WHAT YOU ARE ASKED TO DO =
After locating the line that contains "Ο Πόμπο με σουτ", quote it and all lines after it through the end of the entries, and nothing more. Pictures stay out.

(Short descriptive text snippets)
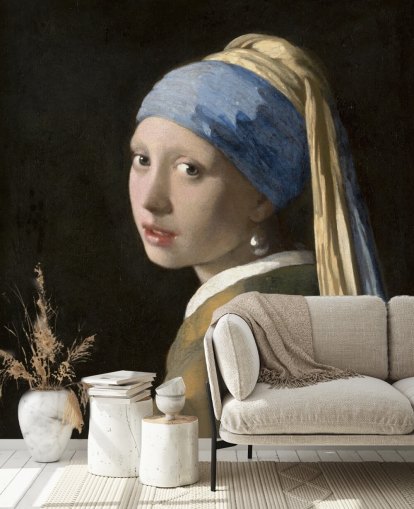 konsttapet väggmålning kallad Girl with a Pearl Earring av Vermeer för sovrum, vardagsrum och kök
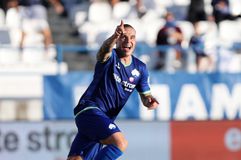 Ο Πόμπο με σουτ στην κίνηση κάνει το 1-0 για την Κηφισιά κόντρα στον Παναιτωλικό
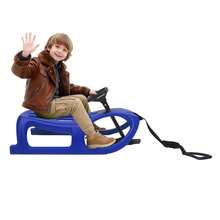 LYNICESHOP Snow Sled For Kids,SnowRush Sledge,Single Rider Racer Toboggan With Pull Rope And Steering Wheel, 220 Lbs Capacity Outdoor Plastic Winter Sleigh For Toddlers & Kids. Holiday Gift (US Stock) Faster Delivery - Blue - View 1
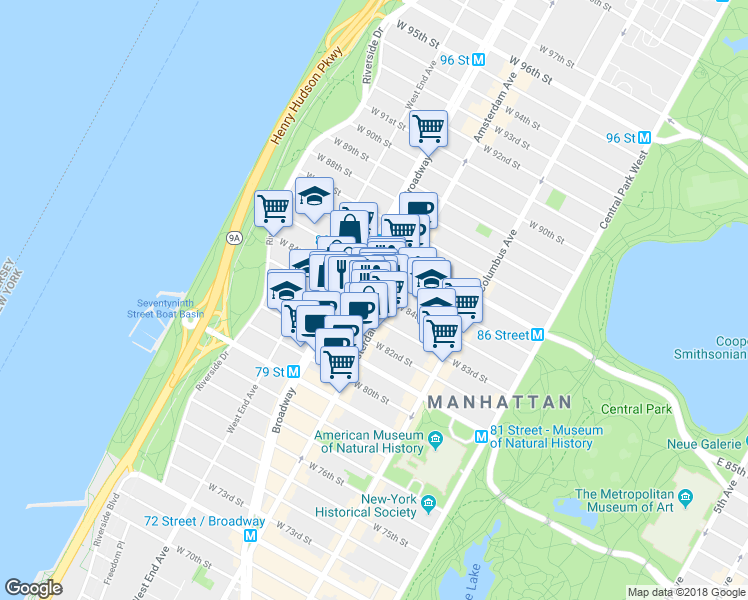 map of restaurants, bars, coffee shops, grocery stores, and more near in New York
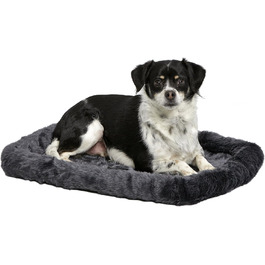 Ліжко для собак та котів, сіре штучне хутро, ультрам'яке, машинне прання, розмір 61 см, для маленьких тварин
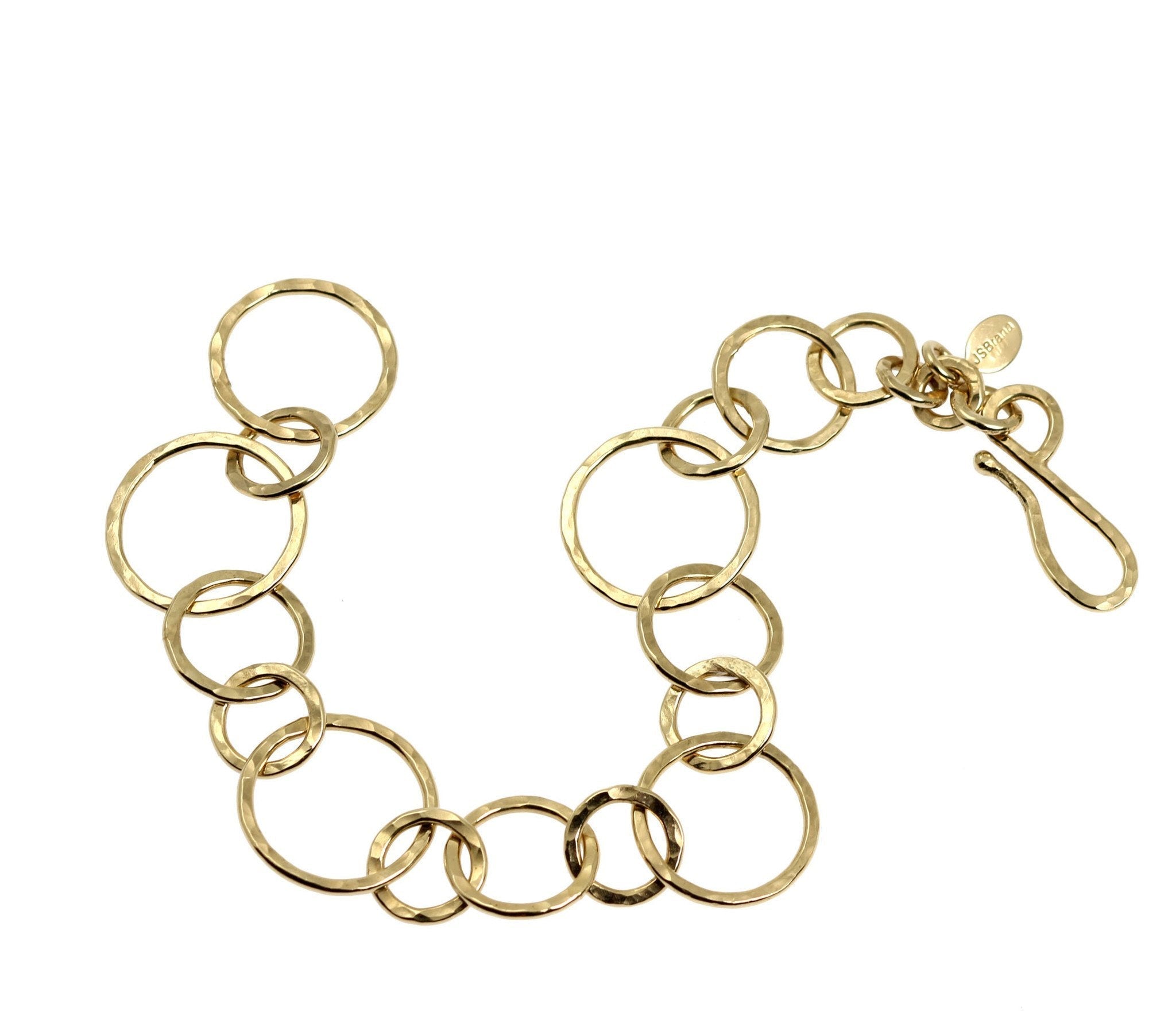 14K Gold Filled Hammered Link Chain Bracelet for Women - Dainty & Elegant Jewelry Gift for Birthday, Anniversary, Wedding - Stackable & Layered Bracelet for Everyday Wear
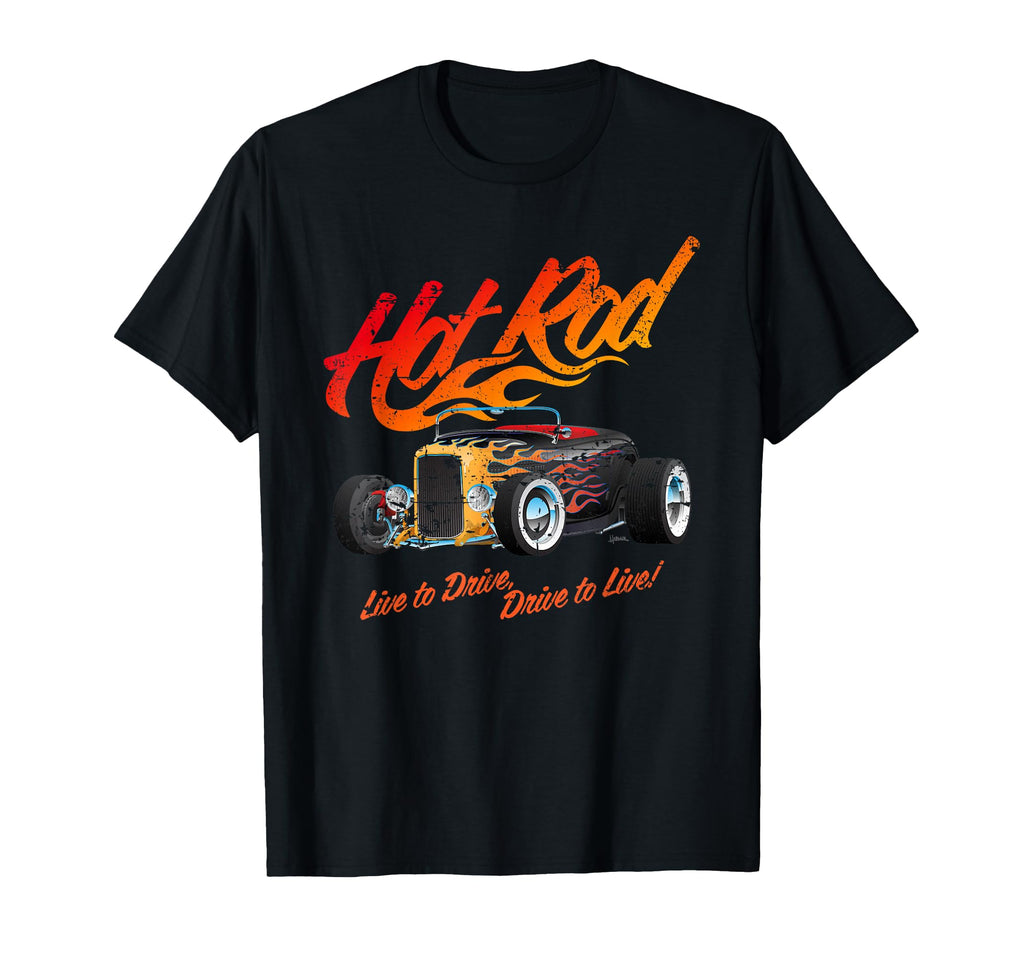 Hotrod Car Nostalgia Hotrod Distressed T-Shirt - Graphic Print for Adults - T-Shirt, Sweatshirt, Hoodie
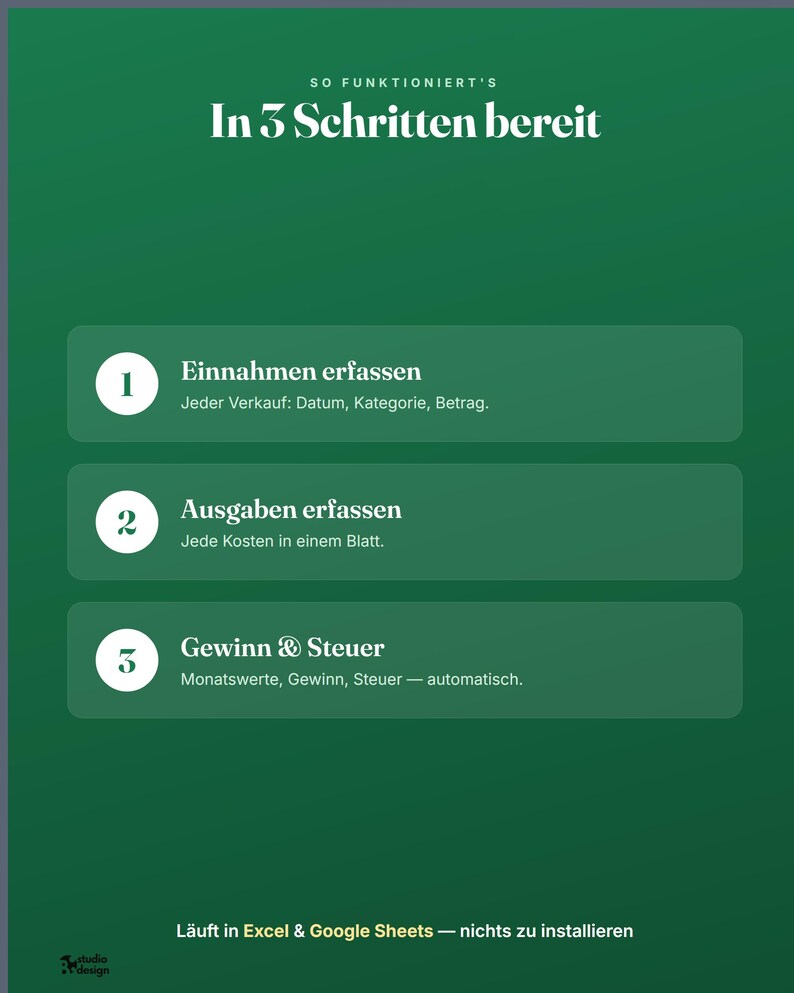 Tyskt bokföringskalkylblad, Buchhaltung Excel Vorlage bild 5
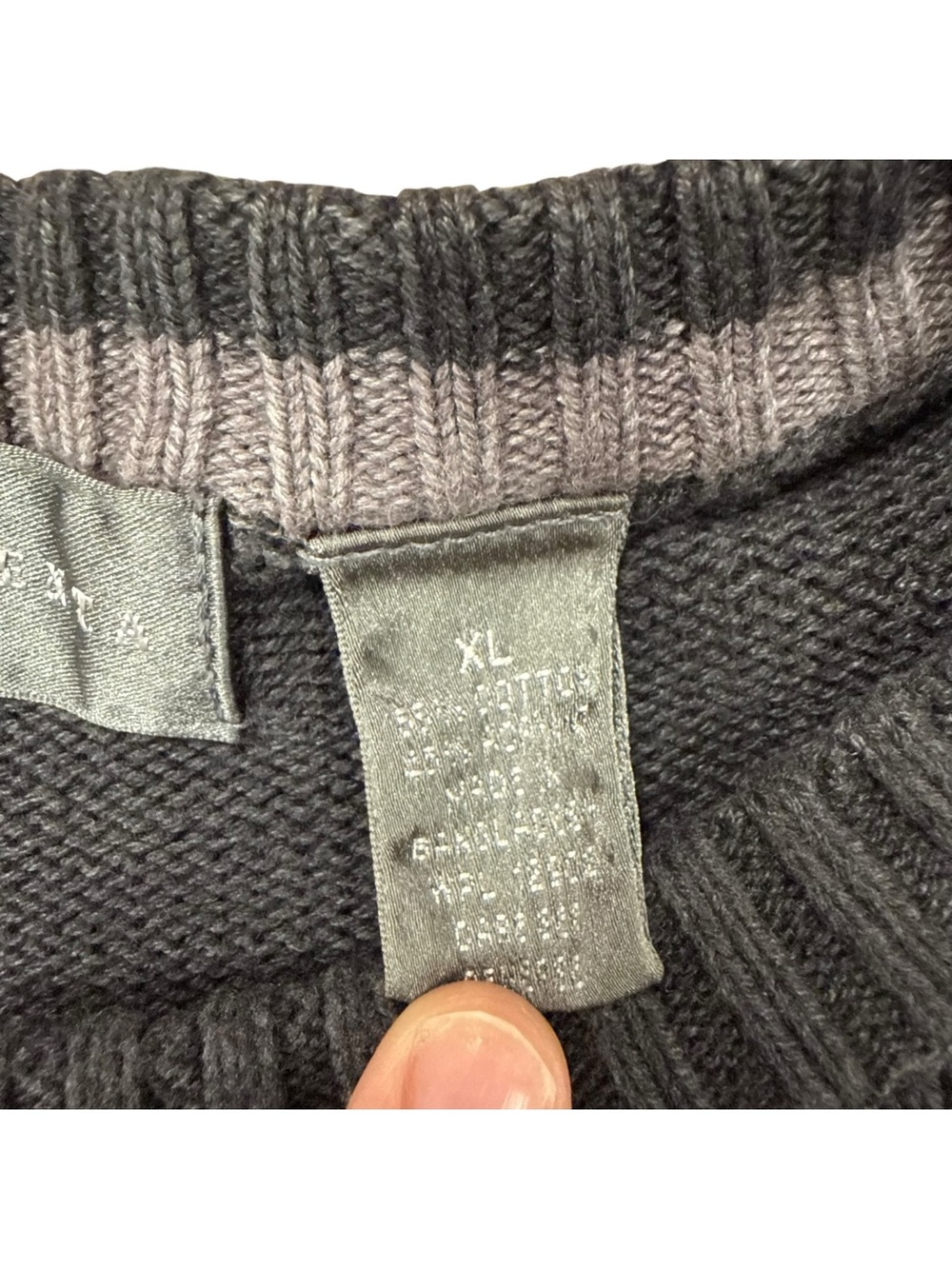 Oscar De La Renta Men’s Size XL Cable Grid Knit Grandpa Sweater Dark Gray Preppy - Picture 13 of 13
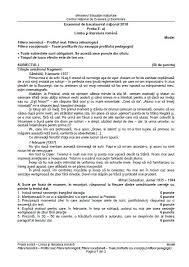 Simulare Bacalaureat 2018 La Limba È™i Literatura RomanÄƒ Libertatea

SOLUTION FOR THIS TASK =
 Ο Πόμπο με σουτ στην κίνηση κάνει το 1-0 για την Κηφισιά κόντρα στον Παναιτωλικό
 LYNICESHOP Snow Sled For Kids,SnowRush Sledge,Single Rider Racer Toboggan With Pull Rope And Steering Wheel, 220 Lbs Capacity Outdoor Plastic Winter Sleigh For Toddlers & Kids. Holiday Gift (US Stock) Faster Delivery - Blue - View 1
 map of restaurants, bars, coffee shops, grocery stores, and more near in New York
 Ліжко для собак та котів, сіре штучне хутро, ультрам'яке, машинне прання, розмір 61 см, для маленьких тварин
 14K Gold Filled Hammered Link Chain Bracelet for Women - Dainty & Elegant Jewelry Gift for Birthday, Anniversary, Wedding - Stackable & Layered Bracelet for Everyday Wear
 Hotrod Car Nostalgia Hotrod Distressed T-Shirt - Graphic Print for Adults - T-Shirt, Sweatshirt, Hoodie
 Tyskt bokföringskalkylblad, Buchhaltung Excel Vorlage bild 5
 Oscar De La Renta Men’s Size XL Cable Grid Knit Grandpa Sweater Dark Gray Preppy - Picture 13 of 13
 Simulare Bacalaureat 2018 La Limba È™i Literatura RomanÄƒ Libertatea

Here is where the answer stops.